The unit bit back, saying police had ignored the reports it sent through in the months prior to Staggie’s death.
The unit also compiled a report two days before the attack, which described plans for a mass Pagad march from the Gatesville mosque to Staggie’s house in Sea Point. The march nevertheless caught the public order police unit off guard.
Kahn called on Viljoen to lead a judicial inquest days after Booley went free. National Police Commissioner George Fivaz seconded his favourite trouble shooter, Director Ivor Human, to work alongside Viljoen.
Human concentrated on the allegations of complicity against intelligence operatives. It is understood Human questioned the operatives on their ties to Pagad and to the ANC (Veary and one of his operatives are former members of the party’s department of intelligence security), and even their religious affiliation. He found nothing solid to support the claims.
“These youngsters had been left to their own discretion to gather this information. It was a lack of experience,” he says. No longer involved in the investigation, Human is back in Pretoria on sick leave.
Viljoen charges that Veary’s unit is reluctant to co-operate with his probe. He says the evidence he has amassed to date suggests the operatives gave the public order police unit vague information, apparently withholding the detailed report.

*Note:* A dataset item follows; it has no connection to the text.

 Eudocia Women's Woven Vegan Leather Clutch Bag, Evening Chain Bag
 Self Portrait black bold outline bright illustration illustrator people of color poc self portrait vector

Viljoen says the report would have prompted police to stop the march, avoiding the circumstances in which an “agitated” and “trigger-happy” crowd murdered Staggie.
“Insufficient information was passed to the public order police unit,” he adds. “They [the intelligence operatives] made mistakes.” He wants the ICD to verify whether the operatives could face negligence charges before the inquest gets under way.
Director Flip van der Riel, provincial public order police unit head, says his men were never tipped off that a march was planned. Knipe also says he knew nothing of the operatives’ report.
Veary, however, says the report went through to the public order police unit and later to Knipe. “The report was conveyed to the appropriate authorities,” he says. “What they did with it after that was their problem.”
He adds that a pattern of violence had developed in other Pagad marches in the months before Staggie’s death. The operatives in the Salt River march had been on a “legitimate exercise”.
They had reported it just before the marchers turned on Staggie, but even those reports were apparently ignored. Both had later been commended for their work on the night, and are regarded as the top performing intelligence operatives.
Minister of Safety and Security Sydney Mufamadi ordered an independent investigation directly after Staggie’s murder. It found poor police communication was a main failing.